Ok, seriously... I don't know if you are reading this blog, since I didn't publicize it or know anybody had found it, but if you are, and if that was directed towards me, I have to respond. I certainly am not that narcissistic, but there was a lot in there that seemed like you were screaming at me. However, there are too many things in it that make me uncertain if it was, otherwise I'd be picking up a phone.
First; horse shit...on so many levels. Maybe you've misread what I've put up here, but it's just been my feelings and me trying to deal. If I'd wanted you to see it, and if I were playing with you, I'd have put it on Myspace. Further, there's really not much in the way of compliments in here...I really didn't think any of it was really that flattering, anyway. And if I were trying to make you feel better (which true, I wouldn't put that past me), I'd be saying how good I was doing and how I'm ok with things and how it's not your fault and be showering you with much more flattering compliments. Hell, I'd probably have texted you as much. I've been worried about myself and venting here, since I'm two hours away from my normal venting outlet.

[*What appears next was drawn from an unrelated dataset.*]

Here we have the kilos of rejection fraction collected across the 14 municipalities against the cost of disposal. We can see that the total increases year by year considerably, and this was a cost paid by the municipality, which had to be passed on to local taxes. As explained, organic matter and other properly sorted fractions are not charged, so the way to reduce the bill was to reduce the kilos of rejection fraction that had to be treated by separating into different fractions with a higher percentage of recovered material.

Are you worth it? HELL YES. Period. Whatever gives you the impression I think otherwise is a misinterpretation of something. That comment in and of itself makes me want to slap some damned sense into you, even if that blog wasn't directed towards me. Not to mention the last line... what the hell are you thinking? Maybe you think your looks are the only thing you've got going for you for some ungodly reason -- maybe some jack ass has told you that based on their opinion -- but it's certainly not what draws me to you. Yes, you're attractive, but honestly, you're not what I normally would go for...I'm too insecure. What draws me is your spunk, your eyes, your smile and laughter, your heart, your touch and smell, your imperfection and failings, your kindness and even your bitchiness. Your description of yourself is inadequate. Your description of who you're looking for makes me smile. So are you worth anything I've been through. You are worth keeping, even as a friend, whether you believe it or not. I just have to do what I can to get over you at this point so that I'm not going through torture seeing you. So needless to say, you have far more going for you than your looks, you dumb shit.
And what the hell are you talking about in the way of competition? That's one of the things that make me think that blog entry was not about me. The only competition I ever experienced, if you want to call it that, was competing for your heart. You told me I lost that one. So I have no idea what that's even about.

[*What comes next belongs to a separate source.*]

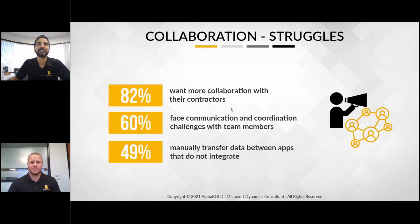One of my favorites is collaboration, which is a huge challenge because of the way the industry has evolved. Here are some stats: 82% want more collaboration with their contractors. 60% face communication and coordination challenges with team members. 49% have to manually transfer data between apps because there's no single system.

Bottom line; I'm not playing games. I've never been any good at it. I'm not I'm not playing the musical communication game, either. It was cute, and I enjoyed it, but now I don't see much of a point. The songs have been selected because I like them, and yes, some reflect my present mood. But I'm not trying to tell you anything with them anymore.
I care for you, even still, but without more from you, I don't know what to say or what to do. I miss your texts and your calls and spending time with you. And yes, if nothing else, you should get from this blog that I'd still like to hear from you. I'm just not sure what I could say to initiate a conversation anymore.
In a way, I hope I'm wrong, and that you haven't found this blog. I never meant to cause you any more hurt. It seems like your self-esteem is lower than you let on, and I hope that's not why you don't see us going anywhere...I really hope it's not because you wanted get out while the getting was good; before I hurt you; because that was not going to happen (at least, not intentionally or in that manner). I feel bad enough about saying anything to anyone you knew. I didn't know the circumstances, but that doesn't excuse my behavior. I'm sorry; it's one of my few true regrets. I wish I could take it back, or fix it (and everything else), but I can't.
Be safe. Get out of bed. You're a good man and you are worth it.